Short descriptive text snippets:
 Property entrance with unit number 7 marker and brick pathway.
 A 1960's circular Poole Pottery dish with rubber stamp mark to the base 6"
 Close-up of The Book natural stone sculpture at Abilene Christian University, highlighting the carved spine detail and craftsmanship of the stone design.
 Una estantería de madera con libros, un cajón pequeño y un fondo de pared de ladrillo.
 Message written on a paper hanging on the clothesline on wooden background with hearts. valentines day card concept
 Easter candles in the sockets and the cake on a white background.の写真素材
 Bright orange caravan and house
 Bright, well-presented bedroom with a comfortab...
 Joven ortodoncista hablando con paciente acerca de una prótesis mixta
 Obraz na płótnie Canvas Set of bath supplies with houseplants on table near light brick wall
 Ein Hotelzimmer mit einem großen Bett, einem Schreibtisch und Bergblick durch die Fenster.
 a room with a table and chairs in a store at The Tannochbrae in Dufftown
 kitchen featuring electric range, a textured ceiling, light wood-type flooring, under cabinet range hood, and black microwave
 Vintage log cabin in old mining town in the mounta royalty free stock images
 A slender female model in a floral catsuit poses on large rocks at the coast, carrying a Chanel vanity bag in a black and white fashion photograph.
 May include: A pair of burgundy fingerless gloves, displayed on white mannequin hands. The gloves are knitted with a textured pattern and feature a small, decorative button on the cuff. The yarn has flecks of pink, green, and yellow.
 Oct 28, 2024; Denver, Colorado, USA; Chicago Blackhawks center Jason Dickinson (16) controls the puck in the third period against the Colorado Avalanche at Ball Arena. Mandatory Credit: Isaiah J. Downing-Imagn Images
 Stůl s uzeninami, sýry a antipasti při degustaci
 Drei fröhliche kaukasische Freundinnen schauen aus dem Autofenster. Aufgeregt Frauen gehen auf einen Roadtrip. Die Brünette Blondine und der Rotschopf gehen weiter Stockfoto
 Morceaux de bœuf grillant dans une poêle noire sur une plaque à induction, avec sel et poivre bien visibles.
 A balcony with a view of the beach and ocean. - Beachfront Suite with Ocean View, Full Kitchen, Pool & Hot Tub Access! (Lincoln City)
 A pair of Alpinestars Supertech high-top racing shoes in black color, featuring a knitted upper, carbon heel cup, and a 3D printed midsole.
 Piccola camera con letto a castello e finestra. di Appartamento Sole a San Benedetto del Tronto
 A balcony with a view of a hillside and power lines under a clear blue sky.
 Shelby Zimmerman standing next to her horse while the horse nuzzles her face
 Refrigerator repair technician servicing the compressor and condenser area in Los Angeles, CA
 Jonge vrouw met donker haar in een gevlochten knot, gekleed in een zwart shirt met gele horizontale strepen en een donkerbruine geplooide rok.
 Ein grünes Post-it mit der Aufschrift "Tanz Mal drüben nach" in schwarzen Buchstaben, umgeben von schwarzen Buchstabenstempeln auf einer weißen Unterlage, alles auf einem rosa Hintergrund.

## [Task to complete]
Please go over the data above and copy each line with "table" in it.

## [Written reply]
 Obraz na płótnie Canvas Set of bath supplies with houseplants on table near light brick wall
 a room with a table and chairs in a store at The Tannochbrae in Dufftown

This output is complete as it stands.